Я бы в каждой большой аудитории прибивал на стенку пустую кафедру — чтобы те, кто выходит читать лекции или просто обращается к слушателям с пламенным словом, хоть на минуту задумывались бы о том, стоит ли вновь и вновь талдычить с апломбом то, во что время неизбежно внесет свои поправки…
Речи, речи… Еще в школе я любил выступать на собраниях — помните фото в пионерской газете? — хотя тогда уже начал понимать, кажется, что язык мой — враг мой. Слишком уж часто вспыхивал я под влиянием минуты, слишком часто просил слова и начинал говорить прежде, чем успевал четко продумать, что и как следует произнести в данной ситуации.
В армии мне речей говорить не приходилось, и все обошлось, но в студенческие годы тяга к публичным выступлениям проснулась и заявила о себе с удвоенной силой — тем более что обстановка буквально располагала к этому. Только выступления мои точнее, увы, не стали. Прекрасно понимая, что уж теперь-то вся ответственность лежит исключительно на мне, что рядом нет ни няни, ни мамы, ни политрука, готовых меня поправить, зная, что ставкой в этом словоизвержении может стать, ни больше ни меньше, вся судьба моя, я нередко изрекал что-нибудь совсем не то, что ожидалось — выше я упомянул уже об этом. Приходилось выкручиваться, доказывать, что ты не верблюд, изворачиваться на все лады, особенно если кто-то успел уже обидеться на всю жизнь, а кто-то другой намотал себе мое неосторожное резюме на ус, чтобы припомнить его в другом месте, при совершенно других обстоятельствах.

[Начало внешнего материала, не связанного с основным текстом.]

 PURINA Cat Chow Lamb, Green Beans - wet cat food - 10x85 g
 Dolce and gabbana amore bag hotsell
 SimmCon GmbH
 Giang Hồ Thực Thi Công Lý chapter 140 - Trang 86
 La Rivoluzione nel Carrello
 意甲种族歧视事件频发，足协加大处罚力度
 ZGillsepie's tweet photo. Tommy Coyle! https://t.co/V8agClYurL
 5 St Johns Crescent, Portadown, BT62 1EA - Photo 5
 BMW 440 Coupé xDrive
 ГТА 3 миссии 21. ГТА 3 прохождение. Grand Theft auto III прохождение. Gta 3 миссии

Собственно, эти-то свои выступления, а также страстные и слишком часто пустые речи моих однокашников я и имел в виду прежде всего, говоря о крученых мячах, запускавшихся на моих глазах, в той реальной жизни, которой я тогда жил.

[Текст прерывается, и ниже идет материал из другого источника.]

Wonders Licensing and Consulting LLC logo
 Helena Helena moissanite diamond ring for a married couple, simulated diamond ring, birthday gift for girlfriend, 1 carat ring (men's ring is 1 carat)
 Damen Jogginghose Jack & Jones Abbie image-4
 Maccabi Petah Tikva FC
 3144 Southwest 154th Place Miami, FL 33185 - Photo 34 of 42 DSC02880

В вопросах учебы у нас все было достаточно основательно, быть может, более основательно даже, чем сейчас. Нам повезло: мы застали еще на университетских кафедрах поистине крупных ученых, славившихся не только энциклопедичностью своих знаний, эрудицией, умением говорить запросто с огромной аудиторией, но и тем, что они вносили в окружавший их мир аромат удивительнейших отношений.

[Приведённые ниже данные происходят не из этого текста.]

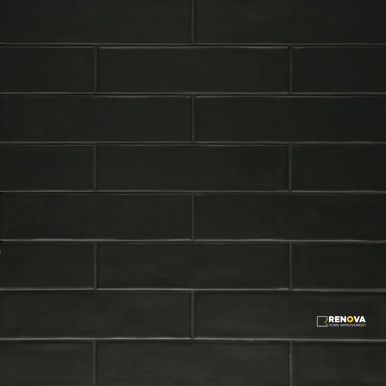 CLARA MATTE WALL TILE 2-3/4" X 11" - 2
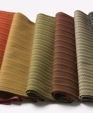 Verdana Collection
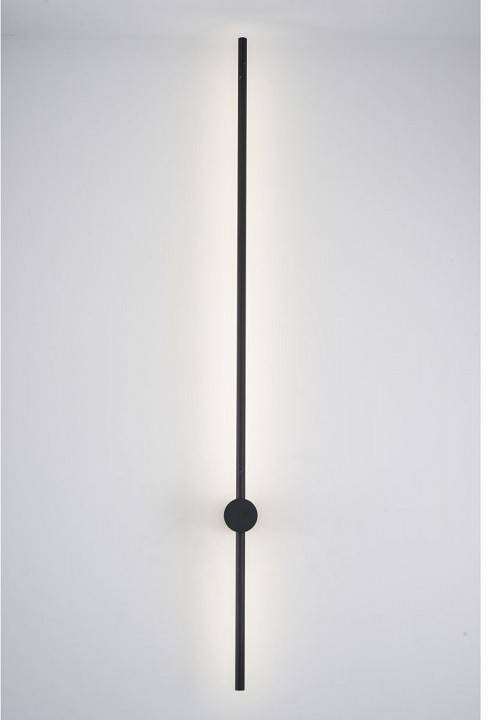 Бра Zortes Anto ZRS.90612.18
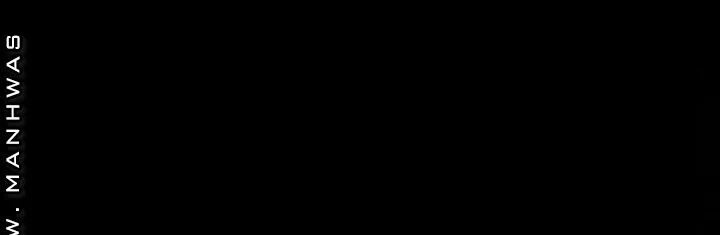 High Tension Chapter 40 - Page 33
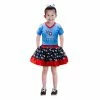 Jerry Leigh Girls Youth Navy Tennessee Titans Tutu Tailgate Game Day V-Neck Costume 1 Jerry Leigh Girls Youth Navy Tennessee Titans Tutu Tailgate Game Day V-Neck Costume -Fanatics DSCO1146831886 1320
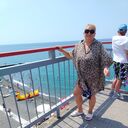  ,   , 58 ,   ,   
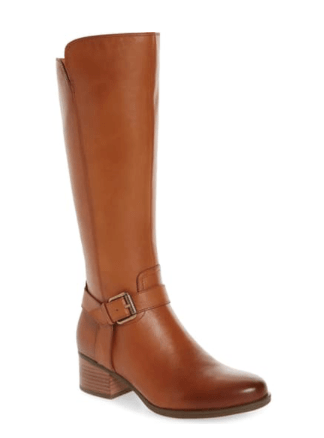 Screen Shot 2019-07-10 at 3.04.49 PM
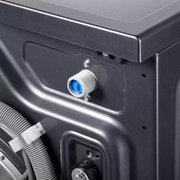 Стиральная машина Maunfeld MFWM1410SB02 фото 3 в Краснодаре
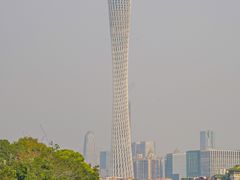 -东山湖公园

Подумать только, общение с учениками и сам процесс преподавания были для этих подвижников не службой, не назойливой обязанностью, а способом существования, естественным и очень желанным состоянием, главным содержанием их жизни. Их научные выводы оказывались особенно значительными и прочными именно потому, что науку они творили, передавая свои знания другим, и, таким образом, многократно эти знания придирчиво проверяли. Предоставленный в распоряжение кафедры кабинет был для них более подлинным домом, чем те несколько комнат, где обитали их семьи, а лаборанты — едва ли не самыми близкими им людьми, помощниками, секретарями, наперсницами — чаще всего эту должность занимали женщины. И для них, для лаборанток, было счастьем — окружить вниманием такого человека и сделаться хоть сколько-нибудь «своей» в храме науки, куда вообще-то допускались исключительно избранные по знаниям, по уму, и никто более. Годами, десятилетиями счастливо работали лаборантки, умевшие вести себя на этом непростом месте так, как подобало.